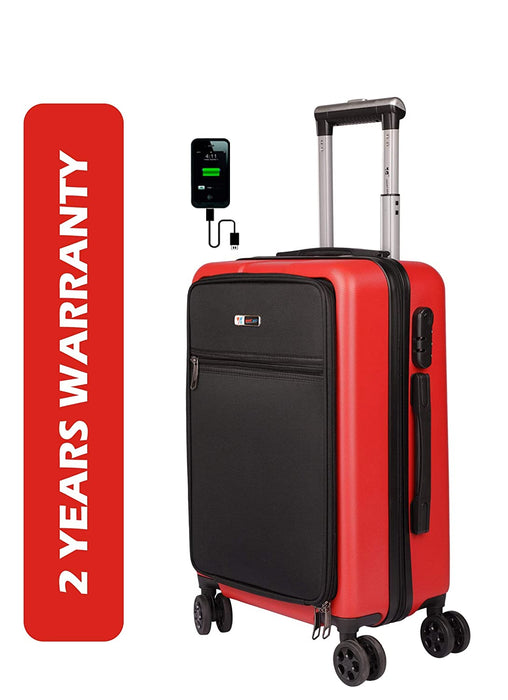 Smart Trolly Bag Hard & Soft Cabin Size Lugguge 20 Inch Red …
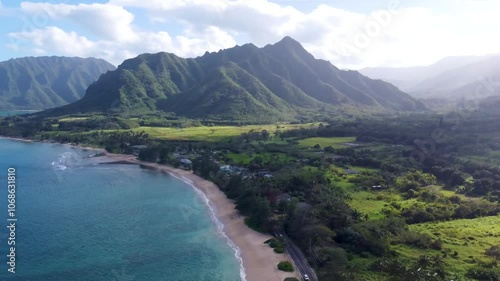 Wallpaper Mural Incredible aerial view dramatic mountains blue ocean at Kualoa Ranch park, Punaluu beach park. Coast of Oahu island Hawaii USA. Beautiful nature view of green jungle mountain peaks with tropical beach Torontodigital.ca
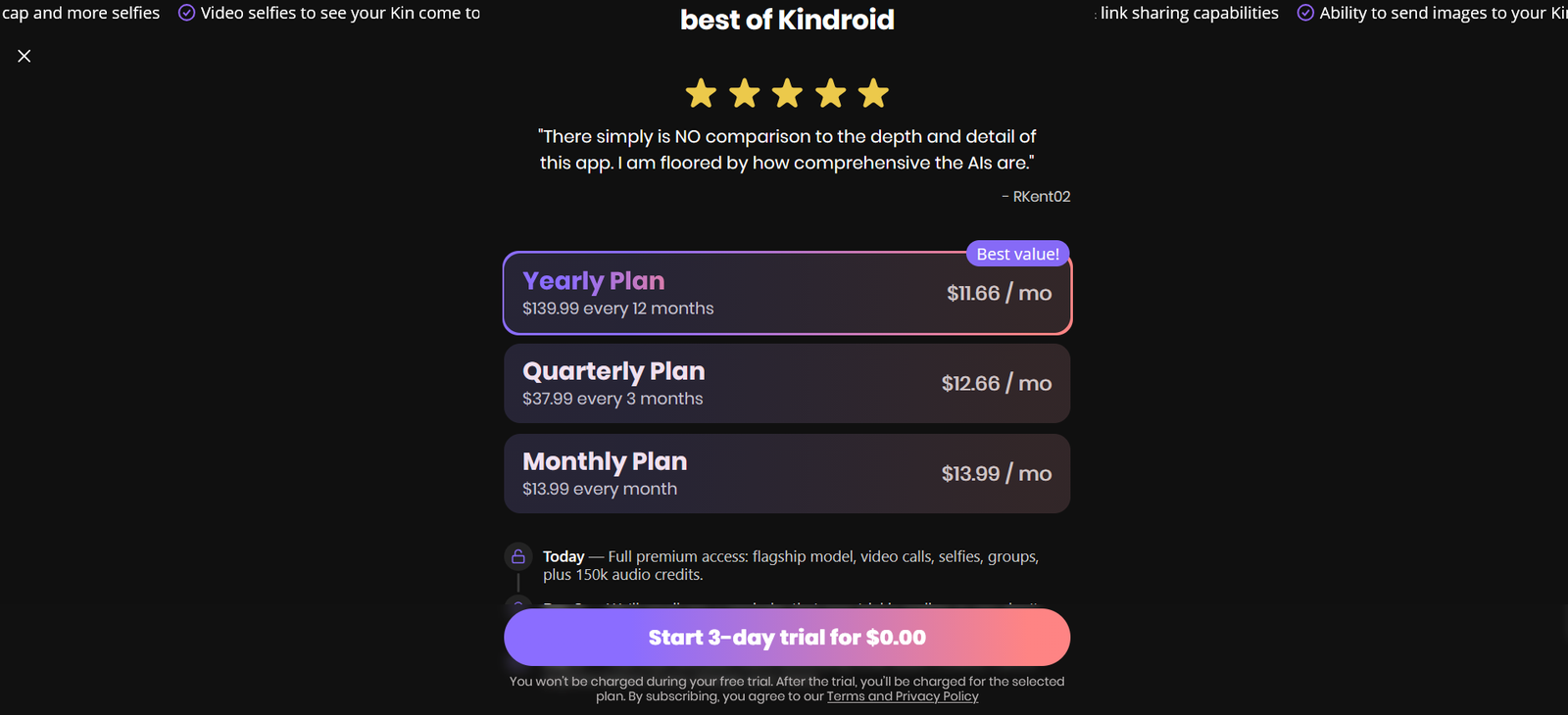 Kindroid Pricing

==

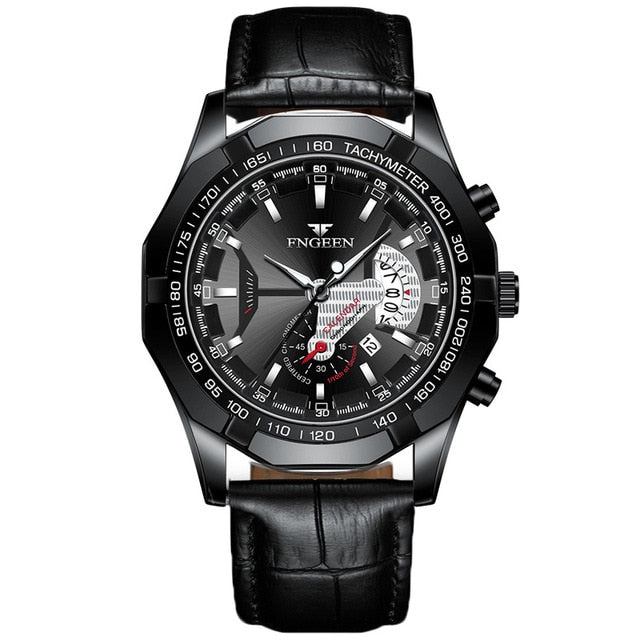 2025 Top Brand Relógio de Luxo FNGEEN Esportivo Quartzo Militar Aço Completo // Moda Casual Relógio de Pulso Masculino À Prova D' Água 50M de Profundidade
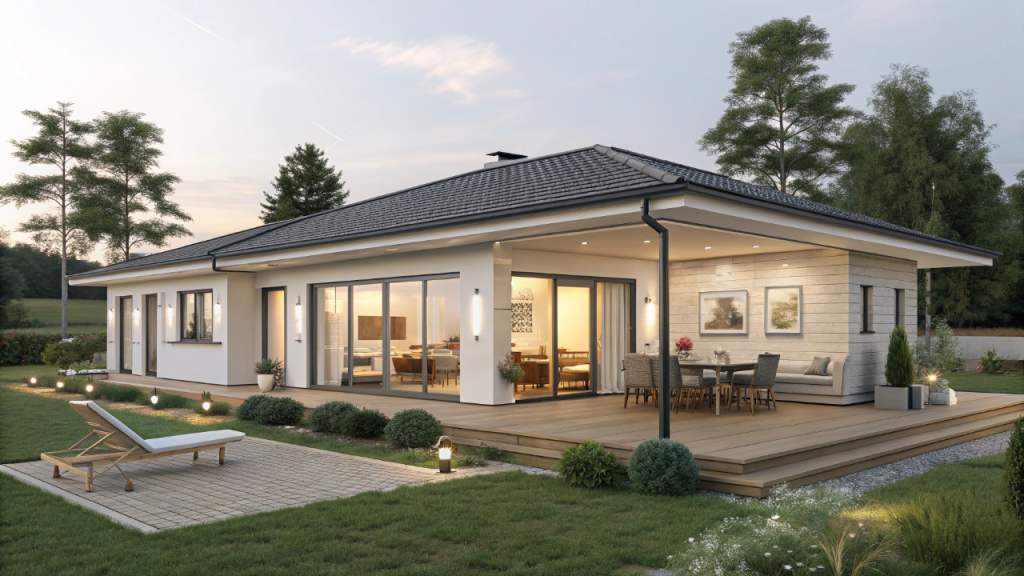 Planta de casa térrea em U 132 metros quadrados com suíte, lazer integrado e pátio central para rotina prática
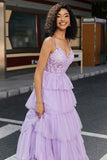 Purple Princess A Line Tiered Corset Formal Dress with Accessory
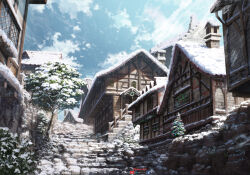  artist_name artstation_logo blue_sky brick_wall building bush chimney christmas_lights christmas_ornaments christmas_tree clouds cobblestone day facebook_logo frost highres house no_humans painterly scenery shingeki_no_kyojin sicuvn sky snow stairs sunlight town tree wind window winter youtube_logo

_Activity_
From the records above, transcribe exactly the lines starting at the one containing "Wallpaper Mural Incredible" and ending at the one containing "Kindroid Pricing". Skip the pictures.

_Exercise output_
 Wallpaper Mural Incredible aerial view dramatic mountains blue ocean at Kualoa Ranch park, Punaluu beach park. Coast of Oahu island Hawaii USA. Beautiful nature view of green jungle mountain peaks with tropical beach Torontodigital.ca
 Kindroid Pricing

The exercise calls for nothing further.